Your curiosity about people and the world around you can make your social life richer. If you demonstrate an interest in what someone has to say and maintain many of your own interests that you can discuss, people probably enjoy spending time with you.

"Curious people are often considered good listeners and conversationalists," Ben Dean, Ph.D. wrote in a newsletter for the University of Pennsylvania. "In the early stages of a relationship, we tend to talk about our interests or hobbies. One reason for this is that people tend to equate 'having many interests' with 'interesting,' and for good reason. Curious people tend to bring fun and novelty into relationships."

It can help protect your brain. 

Ever heard that crossword puzzles may help prevent Alzheimer's disease? Craving new experiences doesn't hurt either.

“Keeping your brain mentally stimulated is a lifelong enterprise,” David Knopman, a professor of neurology at the Mayo Clinic in Rochester, Minnesota, said, according to Bloomberg.If one can remain intellectually active and stimulated throughout one’s lifespan, that’s protective against late-life dementia. Staying mentally active is definitely good for your brain.

It can help you overcome anxiety. 

It's perfectly normal to be nervous before a big date. But your curiosity and excitement about getting to know an attractive new person might push your anxieties into the background.

"Socially anxious people who experience high levels of curiosity, or appraise certain events as having a high possibility to satisfy curiosity, may be more likely to engage in approach behavior amidst conflicting avoidance motivations," according to a study published in 2009 by psychologist Todd Kashdan in the Journal Of Anxiety Disorders.

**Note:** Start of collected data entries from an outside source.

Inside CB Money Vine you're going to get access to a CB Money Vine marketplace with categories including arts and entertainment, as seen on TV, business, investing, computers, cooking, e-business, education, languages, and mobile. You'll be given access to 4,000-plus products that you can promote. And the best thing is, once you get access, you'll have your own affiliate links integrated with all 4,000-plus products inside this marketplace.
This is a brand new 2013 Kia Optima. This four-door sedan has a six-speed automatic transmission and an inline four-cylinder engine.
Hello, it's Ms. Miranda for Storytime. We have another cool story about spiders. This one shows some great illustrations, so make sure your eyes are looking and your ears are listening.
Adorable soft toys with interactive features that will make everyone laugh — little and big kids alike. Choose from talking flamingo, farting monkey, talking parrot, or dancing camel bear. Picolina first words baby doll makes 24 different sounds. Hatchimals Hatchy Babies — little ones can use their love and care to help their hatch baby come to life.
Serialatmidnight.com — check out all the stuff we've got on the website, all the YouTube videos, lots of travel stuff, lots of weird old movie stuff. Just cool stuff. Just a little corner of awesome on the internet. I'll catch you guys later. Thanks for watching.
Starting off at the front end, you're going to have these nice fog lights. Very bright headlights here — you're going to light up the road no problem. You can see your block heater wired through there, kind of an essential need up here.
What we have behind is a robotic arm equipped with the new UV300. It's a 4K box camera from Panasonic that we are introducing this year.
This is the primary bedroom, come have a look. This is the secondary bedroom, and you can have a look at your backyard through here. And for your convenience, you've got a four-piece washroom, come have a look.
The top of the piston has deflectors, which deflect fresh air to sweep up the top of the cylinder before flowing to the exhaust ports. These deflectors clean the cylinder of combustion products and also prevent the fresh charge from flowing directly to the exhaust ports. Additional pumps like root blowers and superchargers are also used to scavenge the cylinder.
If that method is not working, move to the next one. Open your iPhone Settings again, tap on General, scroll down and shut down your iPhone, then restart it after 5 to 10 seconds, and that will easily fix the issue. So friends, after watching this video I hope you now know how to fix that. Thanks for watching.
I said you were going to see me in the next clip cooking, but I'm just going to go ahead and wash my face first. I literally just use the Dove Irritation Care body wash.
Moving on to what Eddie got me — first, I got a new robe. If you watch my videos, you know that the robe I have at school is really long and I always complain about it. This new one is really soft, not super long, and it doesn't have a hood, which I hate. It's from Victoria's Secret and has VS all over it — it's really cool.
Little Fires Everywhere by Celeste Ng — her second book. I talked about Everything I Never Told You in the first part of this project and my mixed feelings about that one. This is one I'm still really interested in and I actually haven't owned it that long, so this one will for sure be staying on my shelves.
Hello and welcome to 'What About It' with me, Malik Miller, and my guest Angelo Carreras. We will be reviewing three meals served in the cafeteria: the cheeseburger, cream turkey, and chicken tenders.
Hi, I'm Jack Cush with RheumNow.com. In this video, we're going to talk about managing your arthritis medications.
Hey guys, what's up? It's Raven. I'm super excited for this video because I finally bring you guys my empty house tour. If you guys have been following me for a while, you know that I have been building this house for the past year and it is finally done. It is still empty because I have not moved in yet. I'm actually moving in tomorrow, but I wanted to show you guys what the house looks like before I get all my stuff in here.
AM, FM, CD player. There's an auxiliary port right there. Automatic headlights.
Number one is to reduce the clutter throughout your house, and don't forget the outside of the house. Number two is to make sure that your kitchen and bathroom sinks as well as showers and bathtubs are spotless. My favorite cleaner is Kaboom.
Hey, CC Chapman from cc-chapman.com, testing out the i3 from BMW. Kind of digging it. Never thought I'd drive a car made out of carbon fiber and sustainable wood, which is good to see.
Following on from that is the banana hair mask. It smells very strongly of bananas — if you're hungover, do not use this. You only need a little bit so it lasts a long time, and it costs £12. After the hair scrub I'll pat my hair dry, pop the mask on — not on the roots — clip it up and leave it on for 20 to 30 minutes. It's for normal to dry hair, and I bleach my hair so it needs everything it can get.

It correlates with happiness. 

One theory on happiness is that we develop a "happiness set point" at an early age. We're at this baseline happiness level most of the time, and the level goes up or down depending on positive and negative life events. Kashdan, who authored the book Curious?: Discover The Missing Ingredient To A Fulfilling Life, argues that staying curious can kick our set point up a few notches.

"When we experience curiosity, we are willing to leave the familiar and routine and take risks, even if it makes us feel anxious and uncomfortable," Kashdan writes in his book. "Curious explorers are comfortable with the risks of taking on new challenges. Instead of trying desperately to explain and control our world, as a curious explorer we embrace uncertainty, and see our lives as an enjoyable quest to discover, learn and grow."

It can help you learn pretty much anything. 

A new study published in the journal Neuron found that it's much easier to learn not-so-interesting things when our curiosity is piqued. For instance, if what you're trying to learn just isn't sticking, try watching 10 minutes of your favorite TV show between study sessions. It'll give you a nice break, and it will pique your curiosity, stimulating your brain's pleasure center. When you return to studying, your brain might be more willing to let in some of that information you thought was boring.

"Look for ways to connect the uninteresting things you have to learn with something you're curious and excited about," Lifehacker suggests. "Whatever makes you tick can be used, even if it's not actually related. Study in between 10-minute sessions of that show you're addicted to, go over presentation talking points while playing a new video game, or place study index cards throughout that new page-turner."

Just don't let the innocent 10-minute break turn into an all-night binge.